What is needed here is an exact copy of all the records below.
---------- DATA ----------
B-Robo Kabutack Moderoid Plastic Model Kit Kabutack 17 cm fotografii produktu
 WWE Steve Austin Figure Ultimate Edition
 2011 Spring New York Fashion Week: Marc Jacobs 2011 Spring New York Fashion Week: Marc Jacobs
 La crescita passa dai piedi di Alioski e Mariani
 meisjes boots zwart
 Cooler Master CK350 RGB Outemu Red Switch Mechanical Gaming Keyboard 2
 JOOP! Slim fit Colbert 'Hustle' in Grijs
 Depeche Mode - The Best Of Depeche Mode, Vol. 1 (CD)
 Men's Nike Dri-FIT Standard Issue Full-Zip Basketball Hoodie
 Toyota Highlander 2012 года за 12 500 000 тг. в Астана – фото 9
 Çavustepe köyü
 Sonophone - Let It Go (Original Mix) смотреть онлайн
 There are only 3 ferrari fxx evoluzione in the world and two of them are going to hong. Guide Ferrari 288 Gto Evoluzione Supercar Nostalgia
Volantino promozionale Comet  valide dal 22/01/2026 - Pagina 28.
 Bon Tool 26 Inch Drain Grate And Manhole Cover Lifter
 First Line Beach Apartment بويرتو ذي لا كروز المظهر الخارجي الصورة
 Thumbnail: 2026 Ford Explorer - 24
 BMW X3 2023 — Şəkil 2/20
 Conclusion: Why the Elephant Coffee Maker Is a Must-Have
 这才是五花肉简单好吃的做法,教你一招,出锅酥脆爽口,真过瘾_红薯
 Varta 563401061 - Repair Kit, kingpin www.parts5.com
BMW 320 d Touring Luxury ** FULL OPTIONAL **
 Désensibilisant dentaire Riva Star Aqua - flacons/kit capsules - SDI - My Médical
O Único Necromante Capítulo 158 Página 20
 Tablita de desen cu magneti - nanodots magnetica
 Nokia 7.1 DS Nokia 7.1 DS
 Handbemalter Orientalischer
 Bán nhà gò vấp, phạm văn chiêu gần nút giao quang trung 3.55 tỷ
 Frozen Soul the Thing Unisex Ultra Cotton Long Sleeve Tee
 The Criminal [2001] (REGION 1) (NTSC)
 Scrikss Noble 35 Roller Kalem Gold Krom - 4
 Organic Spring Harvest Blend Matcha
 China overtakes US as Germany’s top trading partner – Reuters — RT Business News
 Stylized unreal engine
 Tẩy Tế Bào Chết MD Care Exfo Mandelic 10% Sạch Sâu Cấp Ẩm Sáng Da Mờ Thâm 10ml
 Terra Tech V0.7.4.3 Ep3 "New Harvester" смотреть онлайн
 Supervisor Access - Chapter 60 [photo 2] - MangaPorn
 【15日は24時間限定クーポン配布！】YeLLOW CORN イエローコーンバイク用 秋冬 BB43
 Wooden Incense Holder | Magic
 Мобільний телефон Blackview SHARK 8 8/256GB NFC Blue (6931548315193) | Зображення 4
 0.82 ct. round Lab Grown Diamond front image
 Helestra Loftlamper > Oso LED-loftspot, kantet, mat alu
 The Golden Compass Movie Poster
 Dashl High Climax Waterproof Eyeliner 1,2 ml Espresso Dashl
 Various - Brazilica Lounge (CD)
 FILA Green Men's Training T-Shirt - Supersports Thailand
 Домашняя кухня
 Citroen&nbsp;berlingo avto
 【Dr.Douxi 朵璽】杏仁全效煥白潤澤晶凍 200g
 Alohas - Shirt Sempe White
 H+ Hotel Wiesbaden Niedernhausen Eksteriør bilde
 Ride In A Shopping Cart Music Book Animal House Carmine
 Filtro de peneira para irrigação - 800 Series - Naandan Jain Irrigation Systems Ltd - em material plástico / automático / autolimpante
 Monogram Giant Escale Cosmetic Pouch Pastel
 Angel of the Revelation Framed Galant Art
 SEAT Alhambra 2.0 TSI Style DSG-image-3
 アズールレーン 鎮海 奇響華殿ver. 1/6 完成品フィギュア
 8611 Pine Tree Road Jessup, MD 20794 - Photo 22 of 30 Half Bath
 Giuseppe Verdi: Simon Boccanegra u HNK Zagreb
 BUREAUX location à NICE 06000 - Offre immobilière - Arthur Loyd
----------
# [WORKED SOLUTION]
B-Robo Kabutack Moderoid Plastic Model Kit Kabutack 17 cm fotografii produktu
 WWE Steve Austin Figure Ultimate Edition
 2011 Spring New York Fashion Week: Marc Jacobs 2011 Spring New York Fashion Week: Marc Jacobs
 La crescita passa dai piedi di Alioski e Mariani
 meisjes boots zwart
 Cooler Master CK350 RGB Outemu Red Switch Mechanical Gaming Keyboard 2
 JOOP! Slim fit Colbert 'Hustle' in Grijs
 Depeche Mode - The Best Of Depeche Mode, Vol. 1 (CD)
 Men's Nike Dri-FIT Standard Issue Full-Zip Basketball Hoodie
 Toyota Highlander 2012 года за 12 500 000 тг. в Астана – фото 9
 Çavustepe köyü
 Sonophone - Let It Go (Original Mix) смотреть онлайн
 There are only 3 ferrari fxx evoluzione in the world and two of them are going to hong. Guide Ferrari 288 Gto Evoluzione Supercar Nostalgia
Volantino promozionale Comet  valide dal 22/01/2026 - Pagina 28.
 Bon Tool 26 Inch Drain Grate And Manhole Cover Lifter
 First Line Beach Apartment بويرتو ذي لا كروز المظهر الخارجي الصورة
 Thumbnail: 2026 Ford Explorer - 24
 BMW X3 2023 — Şəkil 2/20
 Conclusion: Why the Elephant Coffee Maker Is a Must-Have
 这才是五花肉简单好吃的做法,教你一招,出锅酥脆爽口,真过瘾_红薯
 Varta 563401061 - Repair Kit, kingpin www.parts5.com
BMW 320 d Touring Luxury ** FULL OPTIONAL **
 Désensibilisant dentaire Riva Star Aqua - flacons/kit capsules - SDI - My Médical
O Único Necromante Capítulo 158 Página 20
 Tablita de desen cu magneti - nanodots magnetica
 Nokia 7.1 DS Nokia 7.1 DS
 Handbemalter Orientalischer
 Bán nhà gò vấp, phạm văn chiêu gần nút giao quang trung 3.55 tỷ
 Frozen Soul the Thing Unisex Ultra Cotton Long Sleeve Tee
 The Criminal [2001] (REGION 1) (NTSC)
 Scrikss Noble 35 Roller Kalem Gold Krom - 4
 Organic Spring Harvest Blend Matcha
 China overtakes US as Germany’s top trading partner – Reuters — RT Business News
 Stylized unreal engine
 Tẩy Tế Bào Chết MD Care Exfo Mandelic 10% Sạch Sâu Cấp Ẩm Sáng Da Mờ Thâm 10ml
 Terra Tech V0.7.4.3 Ep3 "New Harvester" смотреть онлайн
 Supervisor Access - Chapter 60 [photo 2] - MangaPorn
 【15日は24時間限定クーポン配布！】YeLLOW CORN イエローコーンバイク用 秋冬 BB43
 Wooden Incense Holder | Magic
 Мобільний телефон Blackview SHARK 8 8/256GB NFC Blue (6931548315193) | Зображення 4
 0.82 ct. round Lab Grown Diamond front image
 Helestra Loftlamper > Oso LED-loftspot, kantet, mat alu
 The Golden Compass Movie Poster
 Dashl High Climax Waterproof Eyeliner 1,2 ml Espresso Dashl
 Various - Brazilica Lounge (CD)
 FILA Green Men's Training T-Shirt - Supersports Thailand
 Домашняя кухня
 Citroen&nbsp;berlingo avto
 【Dr.Douxi 朵璽】杏仁全效煥白潤澤晶凍 200g
 Alohas - Shirt Sempe White
 H+ Hotel Wiesbaden Niedernhausen Eksteriør bilde
 Ride In A Shopping Cart Music Book Animal House Carmine
 Filtro de peneira para irrigação - 800 Series - Naandan Jain Irrigation Systems Ltd - em material plástico / automático / autolimpante
 Monogram Giant Escale Cosmetic Pouch Pastel
 Angel of the Revelation Framed Galant Art
 SEAT Alhambra 2.0 TSI Style DSG-image-3
 アズールレーン 鎮海 奇響華殿ver. 1/6 完成品フィギュア
 8611 Pine Tree Road Jessup, MD 20794 - Photo 22 of 30 Half Bath
 Giuseppe Verdi: Simon Boccanegra u HNK Zagreb
 BUREAUX location à NICE 06000 - Offre immobilière - Arthur Loyd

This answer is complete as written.